* [RECORDS PROVIDED]:
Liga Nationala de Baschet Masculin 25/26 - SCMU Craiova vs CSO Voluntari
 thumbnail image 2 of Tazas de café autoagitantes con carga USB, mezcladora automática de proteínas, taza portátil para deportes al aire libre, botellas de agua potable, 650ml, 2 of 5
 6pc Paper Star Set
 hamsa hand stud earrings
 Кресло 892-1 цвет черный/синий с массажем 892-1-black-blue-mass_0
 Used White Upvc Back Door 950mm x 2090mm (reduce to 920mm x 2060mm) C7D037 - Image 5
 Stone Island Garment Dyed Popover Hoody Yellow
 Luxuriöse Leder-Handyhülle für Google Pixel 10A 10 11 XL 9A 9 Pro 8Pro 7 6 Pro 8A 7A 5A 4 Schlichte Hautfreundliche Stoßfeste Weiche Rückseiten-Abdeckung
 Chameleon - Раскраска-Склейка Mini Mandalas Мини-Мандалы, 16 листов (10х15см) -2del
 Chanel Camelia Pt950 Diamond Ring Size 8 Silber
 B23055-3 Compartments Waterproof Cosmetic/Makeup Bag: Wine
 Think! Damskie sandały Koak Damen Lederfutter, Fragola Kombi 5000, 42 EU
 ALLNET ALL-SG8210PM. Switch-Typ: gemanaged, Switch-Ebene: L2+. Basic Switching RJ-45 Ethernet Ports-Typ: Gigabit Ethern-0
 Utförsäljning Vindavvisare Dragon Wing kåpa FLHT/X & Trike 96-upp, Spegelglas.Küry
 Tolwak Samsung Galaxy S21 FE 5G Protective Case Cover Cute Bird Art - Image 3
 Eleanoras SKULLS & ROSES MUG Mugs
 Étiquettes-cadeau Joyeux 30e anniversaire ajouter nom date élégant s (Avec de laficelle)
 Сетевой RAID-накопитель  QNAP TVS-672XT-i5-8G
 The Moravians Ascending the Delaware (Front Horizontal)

* [EXERCISE]:
Output each line of the material above. Nothing should differ from the original.

* [SOLUTION BELOW]:
Liga Nationala de Baschet Masculin 25/26 - SCMU Craiova vs CSO Voluntari
 thumbnail image 2 of Tazas de café autoagitantes con carga USB, mezcladora automática de proteínas, taza portátil para deportes al aire libre, botellas de agua potable, 650ml, 2 of 5
 6pc Paper Star Set
 hamsa hand stud earrings
 Кресло 892-1 цвет черный/синий с массажем 892-1-black-blue-mass_0
 Used White Upvc Back Door 950mm x 2090mm (reduce to 920mm x 2060mm) C7D037 - Image 5
 Stone Island Garment Dyed Popover Hoody Yellow
 Luxuriöse Leder-Handyhülle für Google Pixel 10A 10 11 XL 9A 9 Pro 8Pro 7 6 Pro 8A 7A 5A 4 Schlichte Hautfreundliche Stoßfeste Weiche Rückseiten-Abdeckung
 Chameleon - Раскраска-Склейка Mini Mandalas Мини-Мандалы, 16 листов (10х15см) -2del
 Chanel Camelia Pt950 Diamond Ring Size 8 Silber
 B23055-3 Compartments Waterproof Cosmetic/Makeup Bag: Wine
 Think! Damskie sandały Koak Damen Lederfutter, Fragola Kombi 5000, 42 EU
 ALLNET ALL-SG8210PM. Switch-Typ: gemanaged, Switch-Ebene: L2+. Basic Switching RJ-45 Ethernet Ports-Typ: Gigabit Ethern-0
 Utförsäljning Vindavvisare Dragon Wing kåpa FLHT/X & Trike 96-upp, Spegelglas.Küry
 Tolwak Samsung Galaxy S21 FE 5G Protective Case Cover Cute Bird Art - Image 3
 Eleanoras SKULLS & ROSES MUG Mugs
 Étiquettes-cadeau Joyeux 30e anniversaire ajouter nom date élégant s (Avec de laficelle)
 Сетевой RAID-накопитель  QNAP TVS-672XT-i5-8G
 The Moravians Ascending the Delaware (Front Horizontal)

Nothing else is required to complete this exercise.